Dear Seoulites:
While I’ve had many a night out in Hongdae in Seoul, it
never ceases to surprise me the weird things I see and how many new places my friends and I find. I’ll take you on a little tour of what I’ve
seen and done so far in this bustling and popular district that truly is the
nightlife soul of Seoul.
Stepping out of the exit 9 at Hongik station (of course,
after a good 5 minutes of being herded out like a sheep and losing all sense of
personal space), you seriously don’t know where to look. Street food all around
you, bright lights, throngs of people heading to restaurants and bars, exciting
stores lining the streets...
One thing I noticed right away was the abundance of Ho bars.
I think any Seoulite who has even been to Hongdae once would agree.
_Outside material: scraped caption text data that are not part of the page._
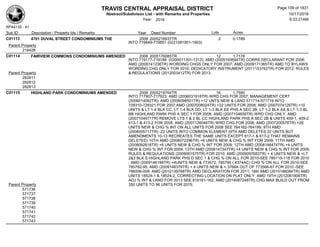 TRAVIS CENTRAL APPRAISAL DISTRICT
Abstract/Subdivison List - with Remarks and Properties 10/17/2016
Year: 2016 6:33:21AM
RPA4135 - A1
Lots AcresSub ID Description / Property Ids / Remarks Year Deed Number
C01113 4701 DUVAL STREET CONDOMINIUMS THE 2006 2005216637TR 2 0.1789
INTO 719849-719851 (0221081901-1903)
Parent Property
218428
C01114 FAIRVIEW COMMONS CONDOMINIUMS AMENDED 2006 2005176085TR 12 1.7178
INTO 719177-719189 (0300011301-1313); AMD (2005193694TR) CORRS DECLARANT FOR 2006;
AMD (2006141236TR) WORDING CHGS ONLY FOR 2007; AMD (2009171365TR) AMD TO BYLAWS
WORDING CHG ONLY FOR 2010; DEDICATORY INSTRUMENT (2011153762TR) FOR 2012; RULES
& REGULATIONS (2012003412TR) FOR 2013;Parent Property
282811
282812
282813
C01115 HIGHLAND PARK CONDOMINIUMS AMENDED 2006 2005219764TR 16 1.7590
INTO 717907-717923; AMD (2006031918TR) WRD CHG FOR 2007; MANAGEMENT CERT
(2006014062TR); AMD (2006098501TR) +12 UNTS NEW & LAND 571714-571719 INTO
728310-728321 FOR 2007;AMD (2007008024TR) +22 UNITS FOR 2008; AMD (2007074126TR) +10
UNITS & LT 1-4 BLK CC, LT 1-4 BLK DD, LT 1-3 BLK EE PHS A SEC 2B, LT 1-2 BLK AA & LT 1-3 BL
BB HIGHLAND PARK PHS A SEC 1 FOR 2008, AMD (2007104659TR) WRD CHG ONLY, AMD
(2007104971TR) REMOVE LTS 1 & 2 BL CC HIGHLAND PARK PHS A SEC 2B & UNITS 409-1, 409-2
413-1 & 413-2 FOR 2008, AMD (2007126046TR) WRD CHG FOR 2008; AMD (2007200576TR) +28
UNITS NEW & CHG % INT ON ALL UNITS FOR 2008 SEE 764162-764189; 9TH AMD
(2008005717TR) -22 UNITS INTO COMMON ELEMENT (9TH AMD DELETES 22 UNITS BUT
AMENDMENTS 10-13 RECREATES THE SAME UNITS EXCEPT 617-1 & 617-2 THAT REMAINS
DELETED) 10TH AMD (2008072296TR) +6 UNITS NEW & CHG % INT FOR 2009; 11TH AMD
(2008092618TR) +6 UNITS NEW & CHG % INT FOR 2009; 12TH AMD (2008146474TR) +4 UNITS
NEW & CHG % INT FOR 2009; 13TH AMD (2008147347TR) +4 UNITS NEW & CHG % INT FOR 2009;
RULES & REGULATIONS (2009061575TR) FOR 2010; AMD (2009097683TR) + 4 UNITS NEW & +LT
2&3 BLK S HIGHLAND PARK PHS D SEC 1 & CHG % ON ALL FOR 2010-SEE 785115-118 FOR 2010
; AMD (2009146199TR) +4UNITS NEW & 773572, 785795 (.4374AC) CHG % ON ALL FOR 2010-SEE
785792-95; AMD (2009148379TR) + 4 UNITS NEW & +.3766A OUT OF 773566-67 FOR 2010 -SEE
786006-009; AMD (2010139768TR) AMD DECLARATION FOR 2011; 18th AMD (2010186084TR) AMD
UNITS 18524-1 & 18524-2, CORRECTING LOCATION ON PLAT ONLY; AMD 19TH (2012061806TR)
ADJ % INT & LAND FOR 2013 SEE 818161-162; AMD (2014087248TR) CHG MAX BUILD OUT FROM
350 UNITS TO 96 UNITS FOR 2015;Parent Property
571736
571737
571738
571739
571740
571741
571742
571743
Page 109 of 1831
 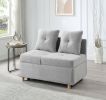 Single Sofa Bed with Pullout Sleeper, Convertible Folding Futon Chair, Lounge Chair Set with 2pcs Pillow, Light Gray color fabric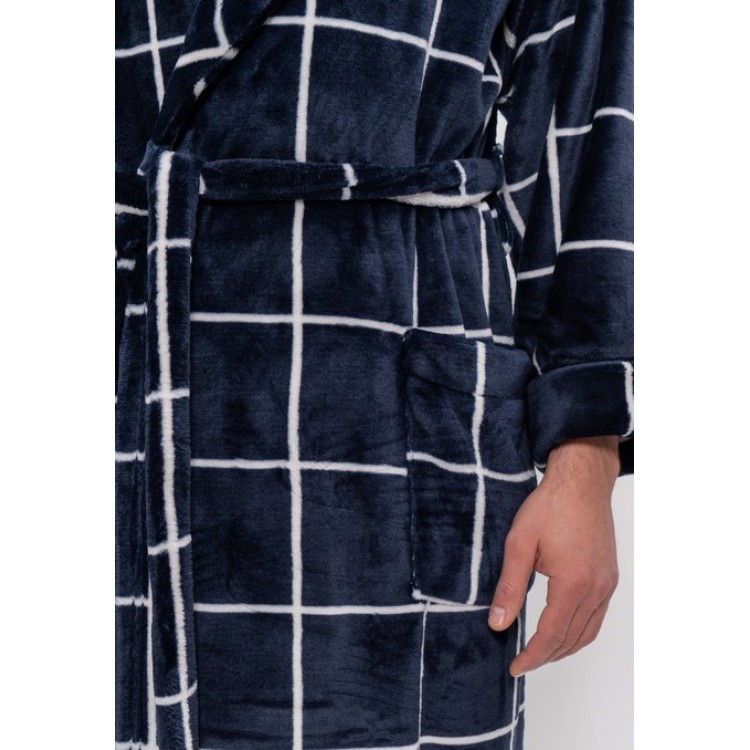 Теплый мужской халат 285-blue/white big kletka, Cleo
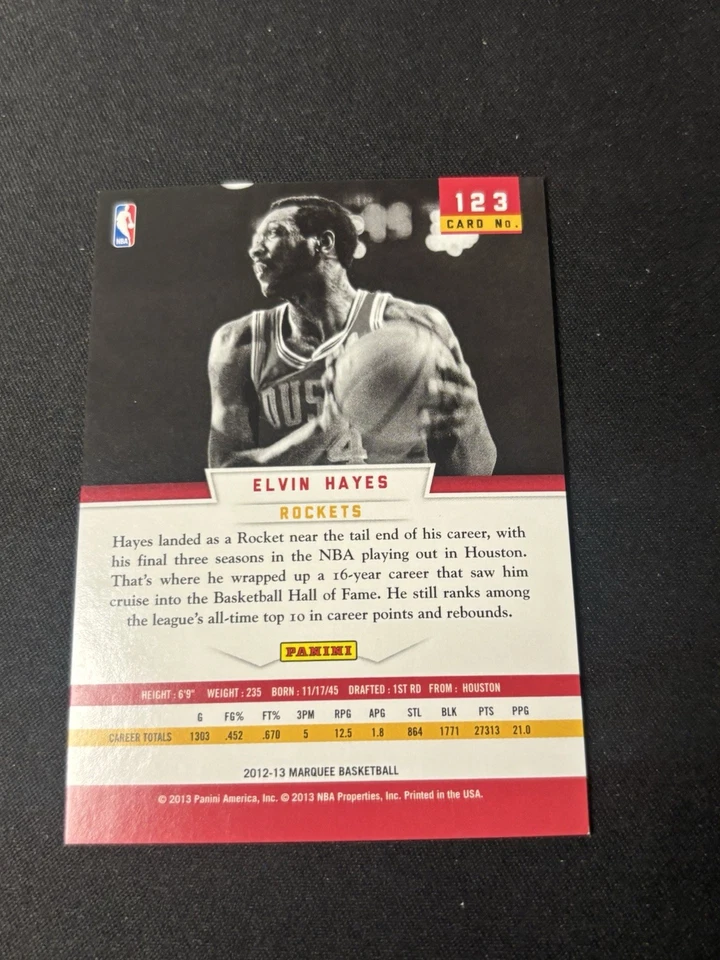 2012-13 Panini Marquee ELVIN HAYES #123 Rockets - Image 2 of 2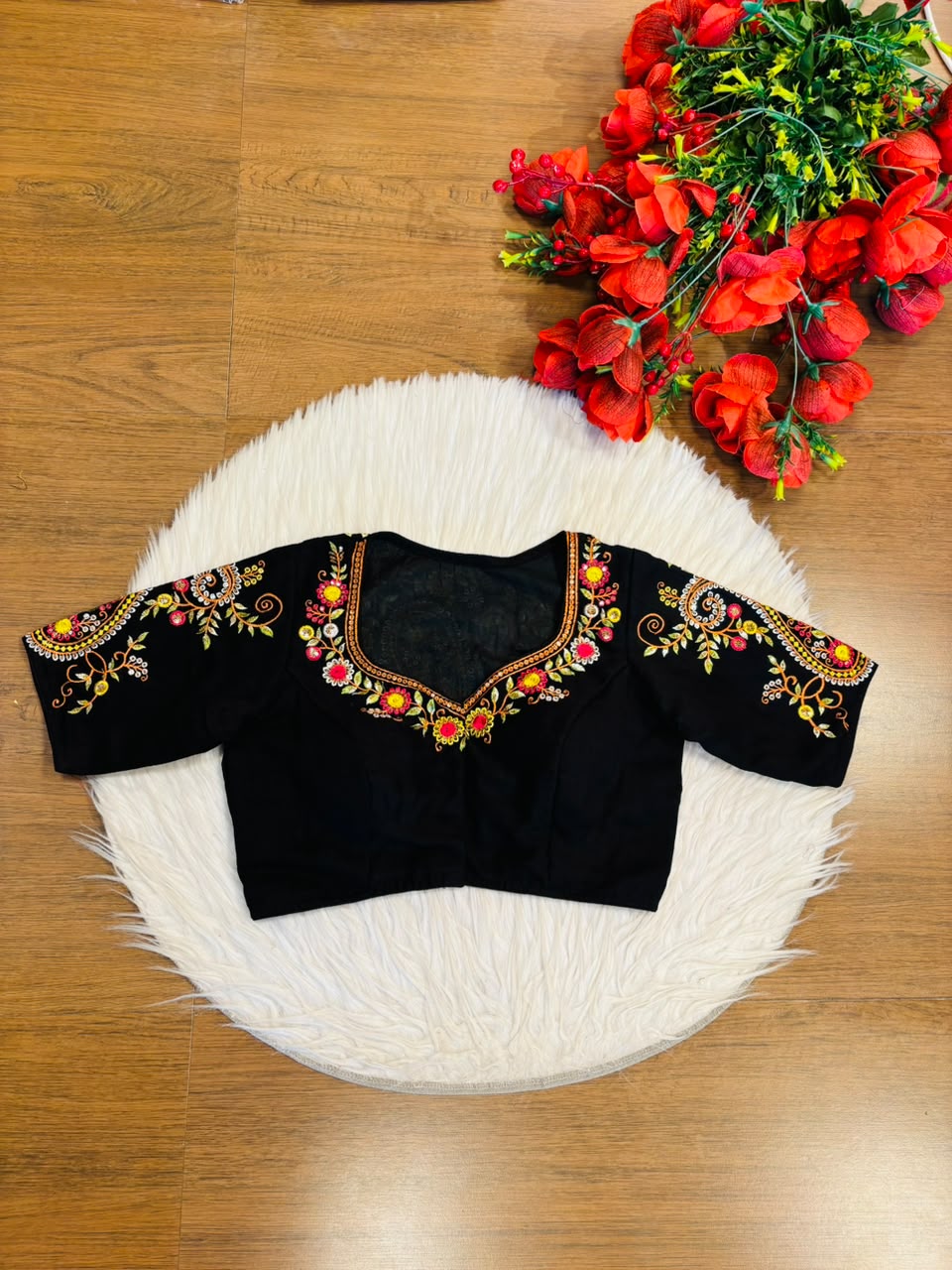 Festive Paisley Vichitra Silk Blouse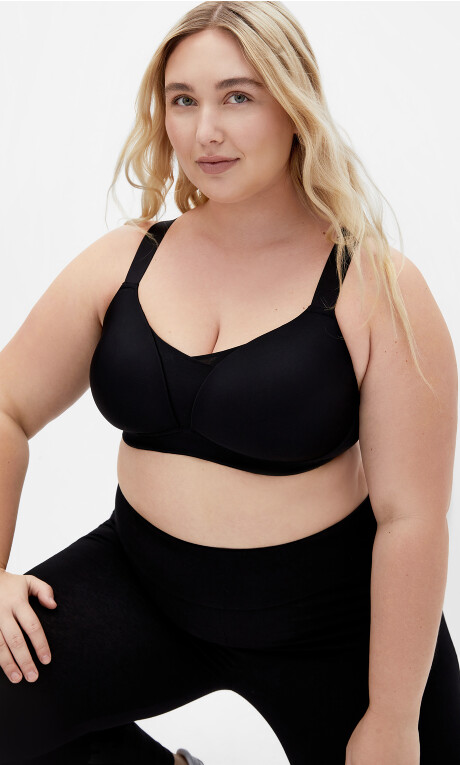 Shapely Wireless Sport Bra - black Plus Size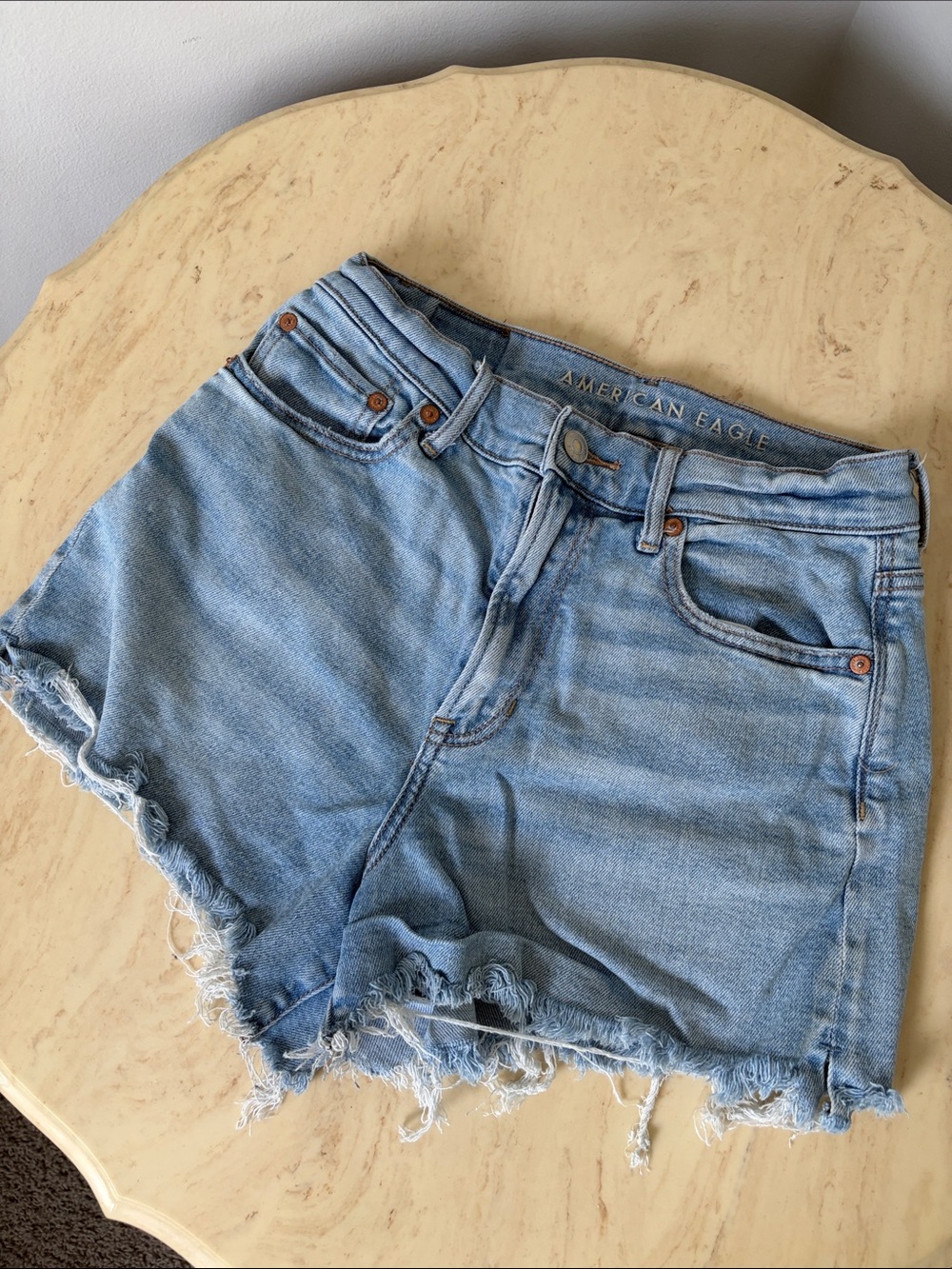 American Eagle Outfitters Light Wash Denim Cutoff Shorts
Sure, I
thought it was excessive in Bupyeong with its tripartite collection of Ho Bars:
Ho bar I, Ho Bar II and Ho Bar III... but so far my friends and I have seen all
the way up to Ho Bar XII. Can’t count that high in roman numerals? It’s 12.
Twelve Ho Bars. They’re all quite similar with their wooden floors, walls,
stairs, tables and their disco lights on a little dance floor and their
hof-style service where they prefer you to order food when you order drinks.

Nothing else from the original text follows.